Weekly Chart Review: 'Sin City' Closes, 'V for Vendetta' Flees Zorro's Wake
A guide to the significant happenings at the box office for the week ending Aug. 18, 2005.

Overall Business

Led by Four Brothers and The Skeleton Key, the week totaled $177.1 million, slightly up over last week. Business, though, was down 11 percent from the corresponding week in 2004, when Alien vs. Predator and The Princess Diaries 2: Royal Engagement debuted.

For the year, box office reached $5.7 billion. That's more than nine percent behind 2004, which had $6.3 billion at the same point, and down about 12 percent in terms of number of tickets sold.

Related Charts: Year-to-Date Comparison | 2005 Grosses

Milestones

There wasn't much in the way of milestones this past week, but Wedding Crashers became the 288th movie to top $200 million worldwide. The ribald comedy is a domestic phenomenon with $169.6 million as of Aug. 18, but it hasn't aroused nearly as much interest overseas with $33.8 million thus far.

Related Chart: All Time Worldwide

End-of-Run

Timed right before its debut on DVD, Miramax/Dimension closed Sin City on Aug. 11. Directors Robert Rodriguez' and Frank Miller's comic book noir extracted $74.1 million from a peak 3,230 theaters, performing at the high end for an overtly stylized genre picture. With a $29.1 million opening weekend, the movie was front-loaded, but it slightly out-grossed each of Quentin Tarantino's Kill Bill volumes.
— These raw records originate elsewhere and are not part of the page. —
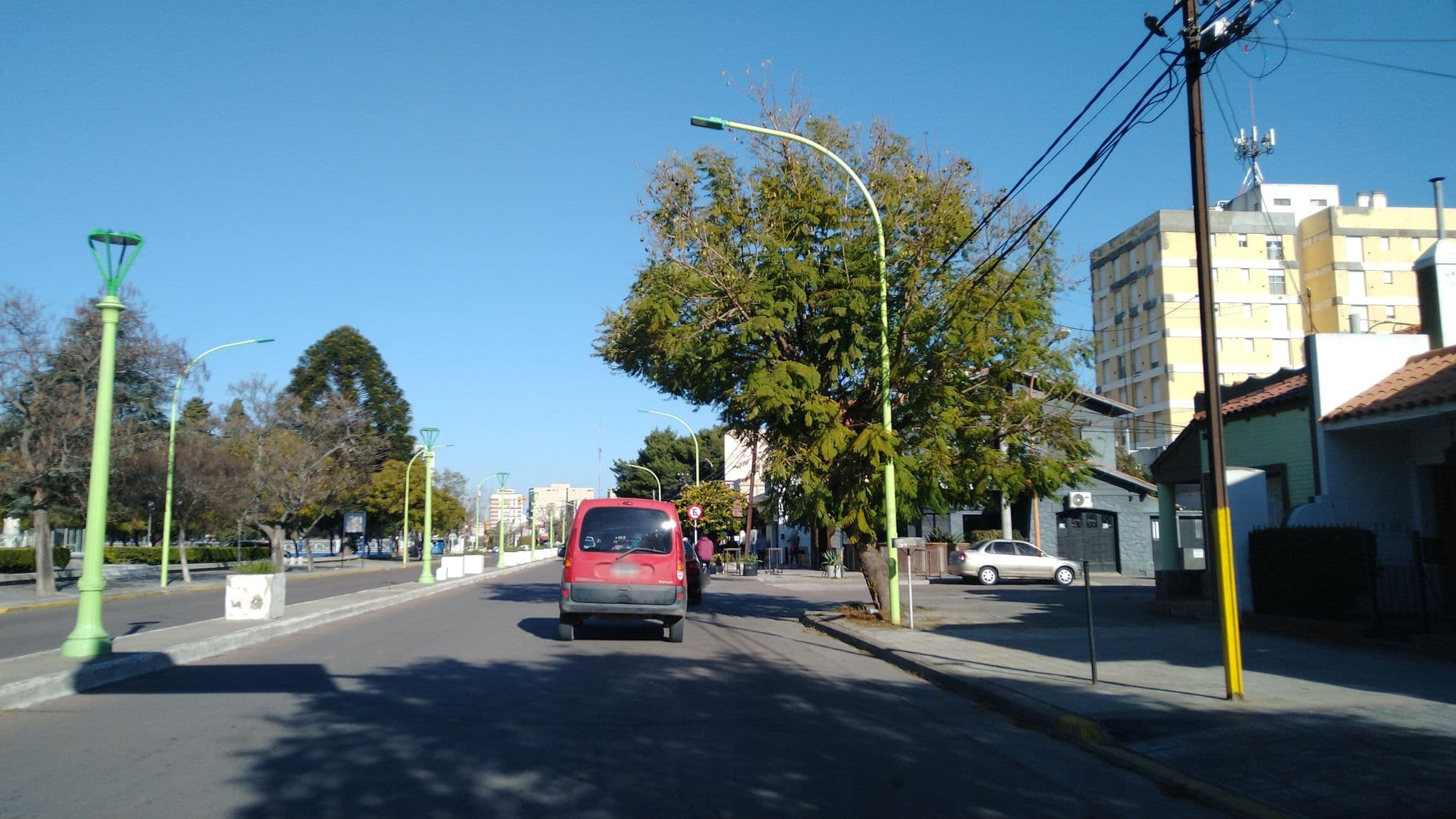 Street view near La Residencia, Bahía Blanca — © kcho (CC BY-SA · Mapillary)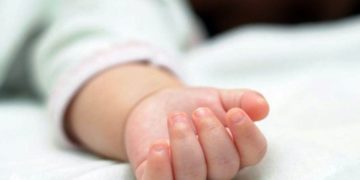 الأردن .. وفاة طفلة تركتها والدتها في سيارتها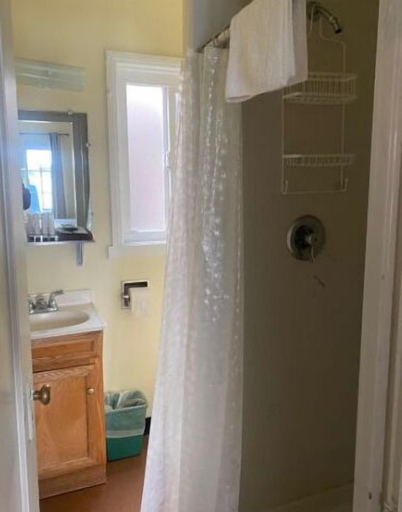 Bathroom 3, Monte Bianco Inn, Siskiyou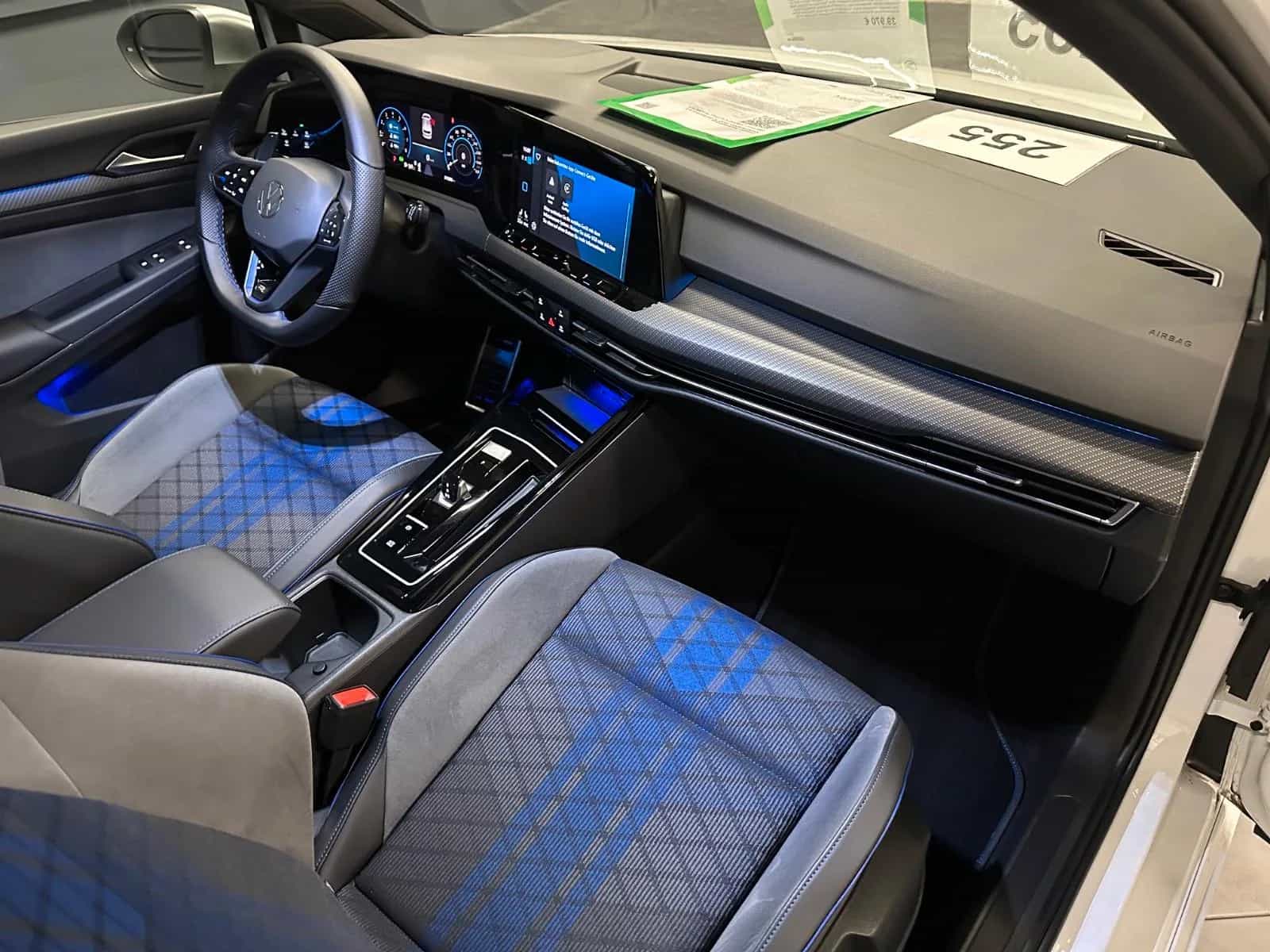 Volkswagen Golf 09/2023-photo-10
Newmarket/Picturehouse stopped tracking The Chumscrubber, even though the picture is scheduled to open in Los Angeles on Aug. 26. The suburban comedy-drama with a name ensemble cast including Jamie Bell, Glenn Close and Ralph Fiennes scrounged up a mere $52,597 in two weeks of limited release.

Date Shifts

Warner Bros. pushed V for Vendetta from Nov. 4 to March 17, 2006, citing post-production delays as the reason. Set in an alternate London, the action thriller is about a masked vigilante trying to overthrow a totalitarian government. Featuring Natalie Portman and Hugo Weaving, it started production on March 3.

V for Vendetta's move is a bit awkward because the trailer ends with the voiceover, "Remember, remember the fifth of November," which is also the picture's tagline. With its original release date, V would have been in the wake of The Legend of Zorro, bowing with its similarly dressed and weapon-wielding hero on Oct. 28, but would have had the jump on Aeon Flux, another vigilante-versus-totalitarian-government action picture opening on Dec. 2.

Warner Bros. previously had Lucky You, a poker drama starring Eric Bana, set for March 17. Replaced by V for Vendetta, the studio has not specified a new date, listing it for sometime in the first or second quarter of next year.